袈裟の色を見るには色盲で丁度いい

N島

坊主憎けりゃ袈裟まで憎しという言葉を聞いたこともある方も多いと思います。

意味合いはその人(物)を憎むあまり、それに関わるすべてのものが憎くなることのたとえとなります。

坊さんを憎いと思うと、その坊さんが着ている袈裟までが憎らしくなることの故事で、「袈裟」とは、僧侶が左肩から右脇下にかけてまとう布状の衣装のことを指します。

僧侶が「憎い」対象となっているのは、江戸時代の寺請制度が背景にあるとされていまして、「寺請制度」とは江戸幕府が宗教統制の一環として設けた制度のことで、僧侶を通じた民衆管理が法制化され、事実上の幕府の出先機関の役所となったことに拠ります。

そのため本来の宗教活動がおろそかとなり、また汚職の温床にもなったことから、僧侶を憎む人々も多かったといわれてできた言葉になります。

そして、この袈裟ですが僧侶の階級によって色が分かれています。

紫が最上級だと思っていましたが、緋色なのですね。

さて、と言う事はです。

この知識があると、緋色の袈裟を来たお坊さんを見た時に我々はどう思うでしょうか?

かなり徳の高い偉い方だと認識し、そう接すると思います。

ですが、これが剃髪した私が着ていたらどうでしょうか?

多分、これも同じように認識するのではないかと思います。

全くのド素人の私が頭丸めてさも当然と言うような顔で法衣の高い袈裟を着ていたら、大僧正と認識される可能性が高いのです。

実際は般若湯(お酒)を好むプロの酔っ払いで、ギャンブラーで、サラリーマンという凡人を極めた人間だったとしても。

似たような内容に馬子にも衣裳という言葉があります。

馬子にも衣装とは、どんな人間でも身なりを整えれば立派に見えることのたとえ話です。

これも着用する服で見る側の認識が変わると言う話ですね。

そして、これまた同様の話ですが、私が中学生の頃の国語の教科書に作家菊池寛の「形」という話が記載されておりました。

あらすじを下記に記載したいと思います。

(あらすじ)

摂津(せっつ)半国の主であった松山新介の侍大将中村新兵衛は、五畿内中国に聞こえた大豪の士でした。

そのころ、畿内を分領していた筒井(つつい)、松永、荒木、和田、別所など大名小名の手の者で、『鎗中村(やりなかむら)』を知らぬ者は、おそらく一人もなかったでしょう。

それほど、新兵衛はしごき出す三間柄えの大身の鎗の鋒先(ほこさき)で、さきがけ殿(しんがり)の功名を重ねていました。

そのうえ、彼の武者姿は戦場において、水ぎわ立ったはなやかさを示していた。
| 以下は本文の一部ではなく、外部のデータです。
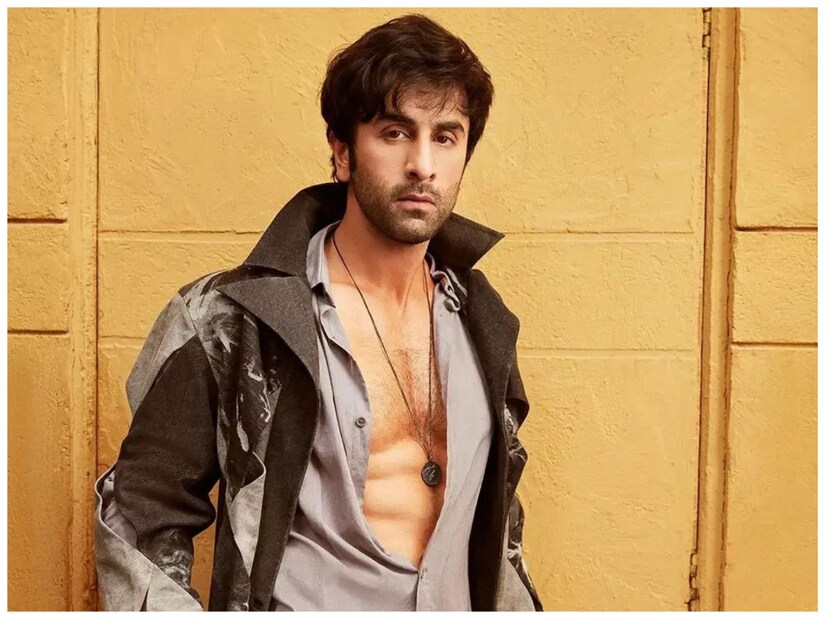 Ranbir Kapoor Education: রণবীর কাপুর অনেক সাক্ষাৎকারে বলেছেন যে তিনি তাঁর পড়াশোনা নিয়ে খুব বেশি আগ্রহী ছিলেন না। শুধু মায়ের চাপেই পড়ালেখা করতেন। তিনি মুম্বইয়ের বোম্বে স্কটিশ স্কুলে পড়াশোনা করেছেন। রণবীর কাপুর ক্লাস ১০ বোর্ড পরীক্ষায় গড়ের কম নম্বর পেয়ে পাশ করেন। আর এমনভাবে পাশের পর কাপুর পরিবার তার জন্য একটি বিলাসবহুল পার্টির আয়োজন করেছিল। রণবীর কাপুর বলে থাকেন যে তিনি তাঁর পরিবারের প্রথম ছেলে যে তার ক্লাস ১০ তম পরীক্ষায় পাশ করেছেন।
火のような猩々緋(しょうじょうひ)の服折を着て、唐冠纓金えいきんの兜かぶとをかぶった彼の姿は、敵味方の間に、輝くばかりのあざやかさをもっていました。

「ああ猩々緋よ唐冠よ」と敵の雑兵は、新兵衛の鎗先を避けました。

味方がくずれ立ったとき、激浪の中に立つ巌のように敵勢をささえている猩々緋の姿は、どれほど味方にとってたのもしいものであったかわかりませんでした。
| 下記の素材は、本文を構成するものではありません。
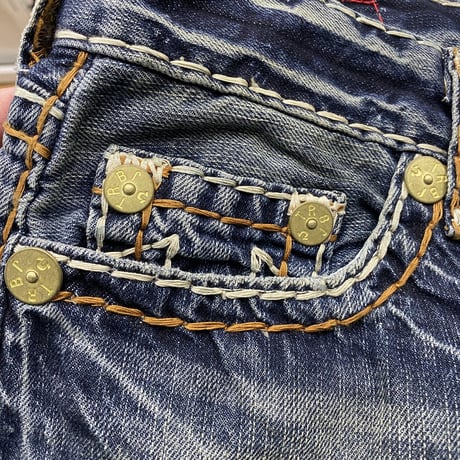 プレミアムジーンズ True Religion トゥルーレリジョン Rocco Super T Skinny スキニージーンズ (JNS260)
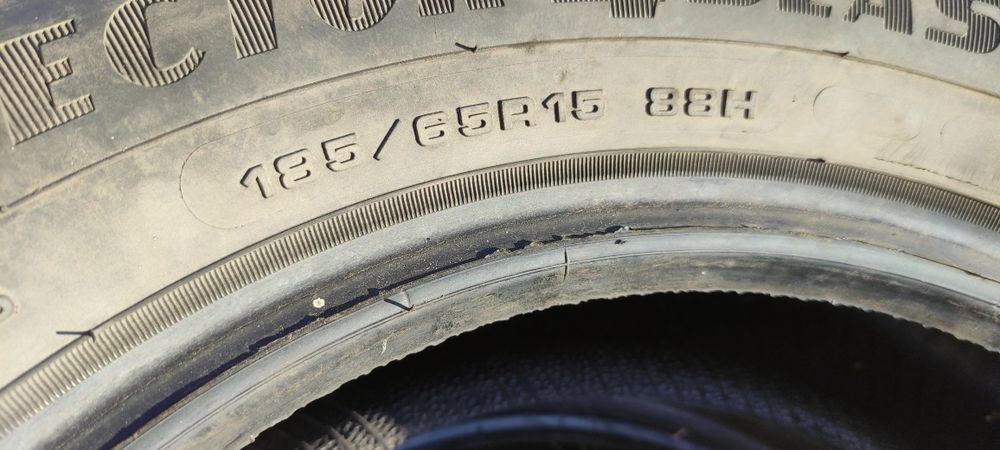 Opony zimowe z 2017r 5mm 185/65/15 Goodyear 8N6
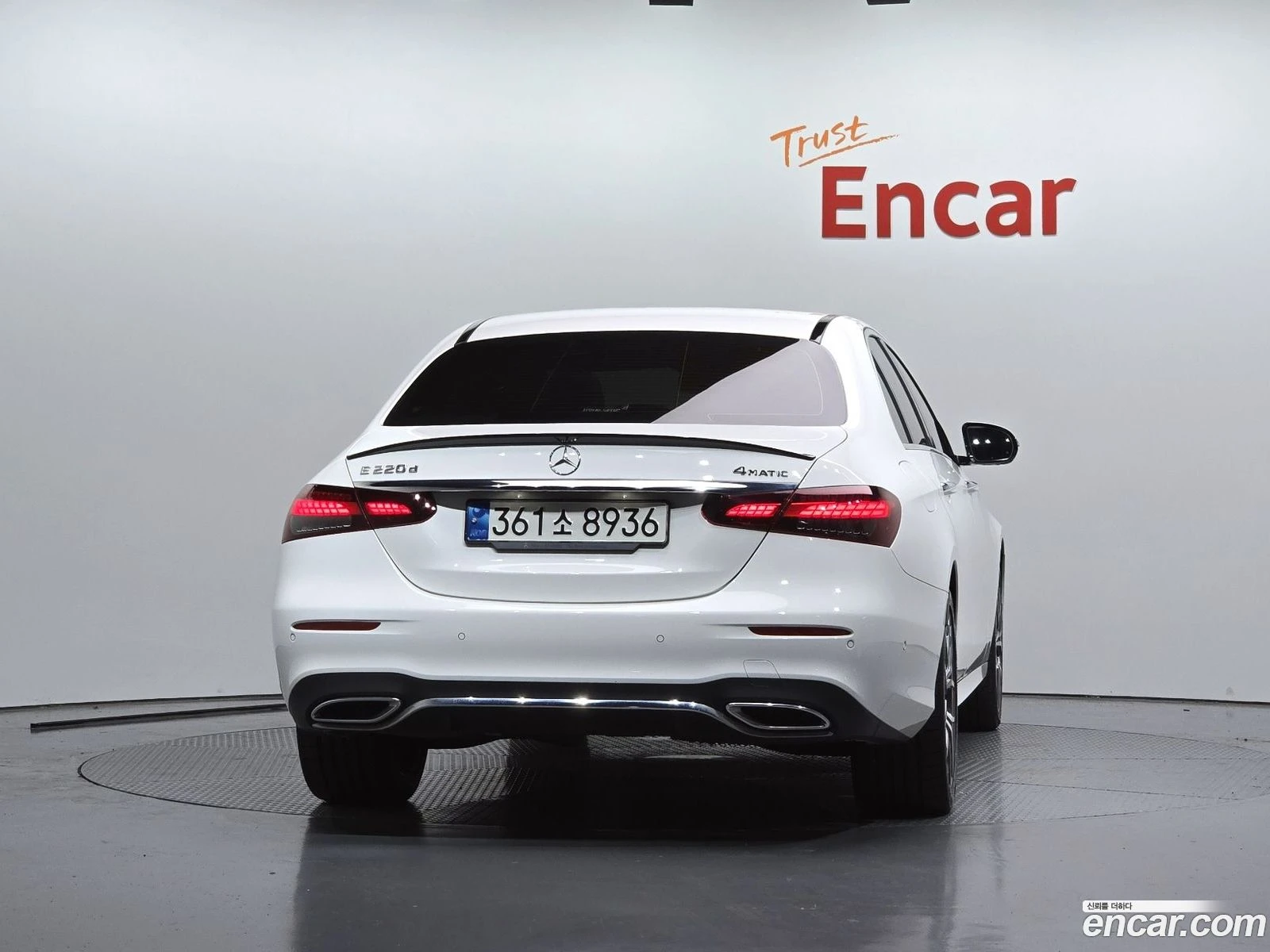 Mercedes-Benz E 220 E220d 4MATIC AMG Line | Mobile.bg � ����������� 4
また嵐のように敵陣に殺到するとき、その先頭に輝いている唐冠の兜は、敵にとってどれほどの脅威であるかわかりませんでした。

こうして鎗中村の猩々緋と唐冠の兜は、戦場の華はなであり敵に対する脅威であり味方にとっては信頼の的となっておりました。

ある日、「新兵衛どの、おり入ってお願いがある」と元服してからまだ間もないらしい美男の士(さむらい)は、新兵衛の前に手を突きました。
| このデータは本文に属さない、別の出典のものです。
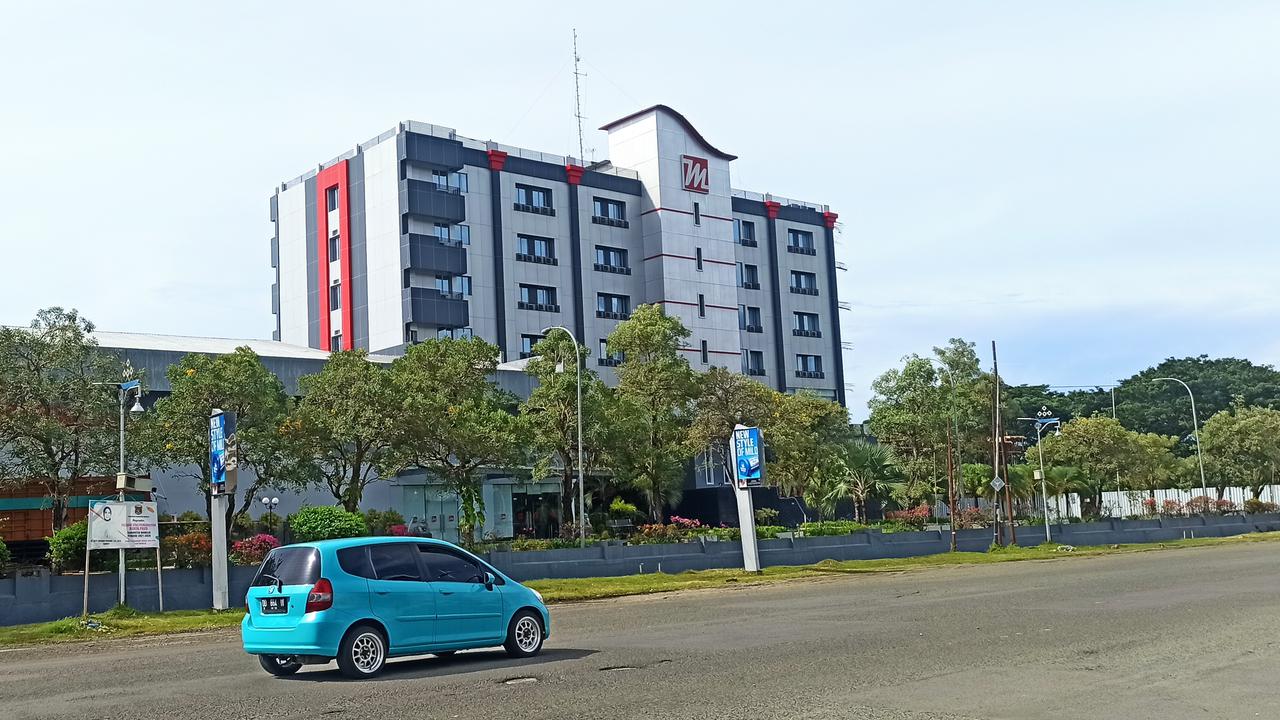 Grand Maleo Hotel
「なにごとじゃ、そなたとわれらの間に、さような辞儀はいらぬぞ。望みというを、はよういうてみい」と育ぐくむような慈顔をもって、新兵衛は相手を見ました。

その若い士(さむらい)は、新兵衛の主君松山新介の側腹の子でした。

そして、幼少のころから、新兵衛が守り役として、わが子のようにいつくしみ育ててきた侍でした。

「ほかのことでもおりない。明日はわれらの初陣(ういじん)じゃほどに、なんぞはなばなしい手柄をしてみたい。ついてはお身さまの猩々緋と唐冠の兜を借してたもらぬか。あの服折と兜とを着て、敵の眼をおどろかしてみとうござる」

「ハハハハ念もないことじゃ」新兵衛は高らかに笑いました。

新兵衛は、相手の子供らしい無邪気な功名心をこころよく受け入れました。

「が、申しておく、あの服折や兜は、申さば中村新兵衛の形じゃわ。そなたが、あの品々を身に着けるうえは、われらほどの肝魂(きもたま)を持たいではかなわぬことぞ」と言いながら、新兵衛はまた高らかに笑いました。

 
そのあくる日、摂津平野の一角で、松山勢は、大和の筒井順慶の兵と鎬(しのぎ)をけずっていました。

戦いが始まる前いつものように猩々緋の武者が唐冠の兜を朝日に輝かしながら、敵勢を尻目にかけて、大きく輪乗りをしたかと思うと、駒こまの頭を立てなおして、一気に敵陣に乗り入りました。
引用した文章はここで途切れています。